Repeat exactly the lines of the material below that run from the "Alright, this is" line to the "On the arterial" line, including both, and do not carry over any pictures.

**Given data**
══════════════════════════════
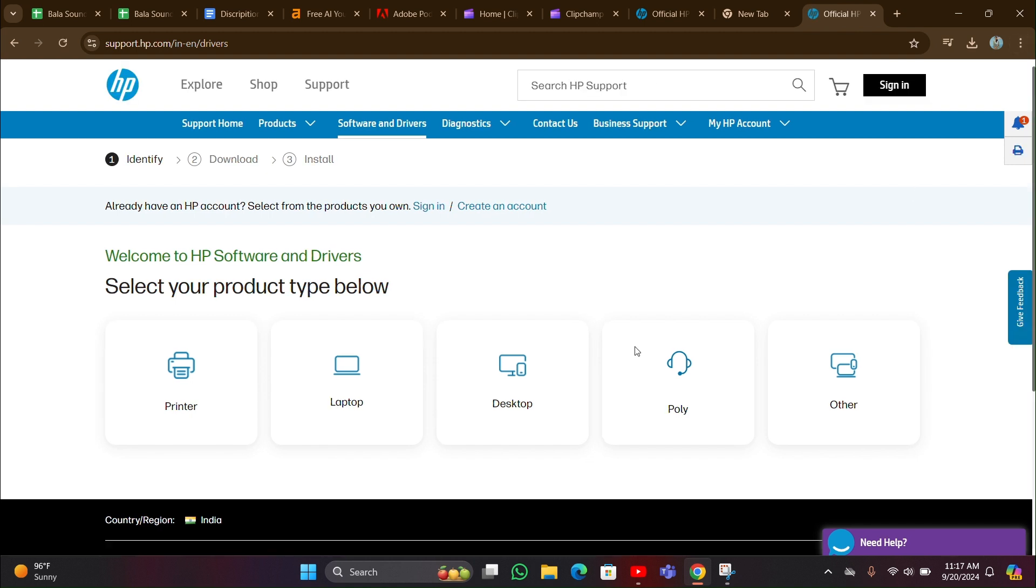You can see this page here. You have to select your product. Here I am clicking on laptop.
══════════════════════════════
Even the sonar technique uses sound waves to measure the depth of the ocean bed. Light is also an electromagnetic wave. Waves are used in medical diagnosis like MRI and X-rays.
══════════════════════════════
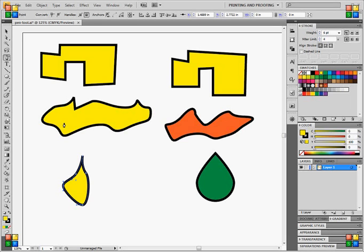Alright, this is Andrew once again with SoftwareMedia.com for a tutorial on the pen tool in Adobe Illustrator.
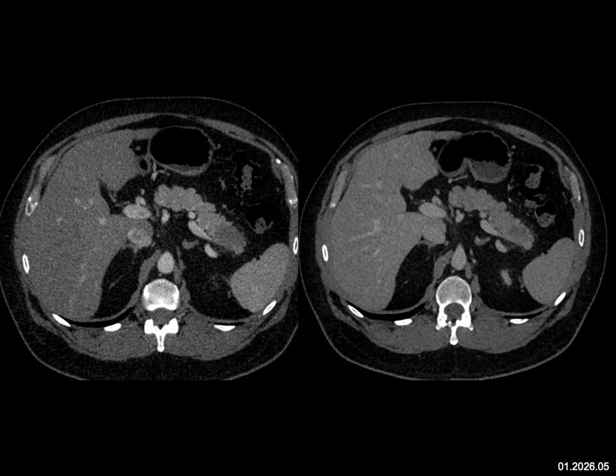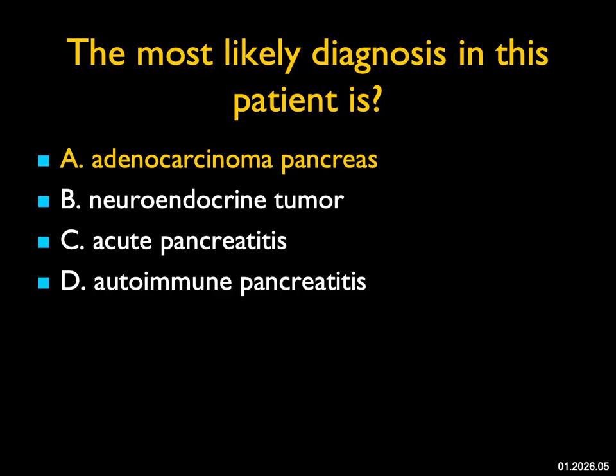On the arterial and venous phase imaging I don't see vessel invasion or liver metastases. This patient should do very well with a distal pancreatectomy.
══════════════════════════════
**Worked solution**
Alright, this is Andrew once again with SoftwareMedia.com for a tutorial on the pen tool in Adobe Illustrator.
On the arterial and venous phase imaging I don't see vessel invasion or liver metastases. This patient should do very well with a distal pancreatectomy.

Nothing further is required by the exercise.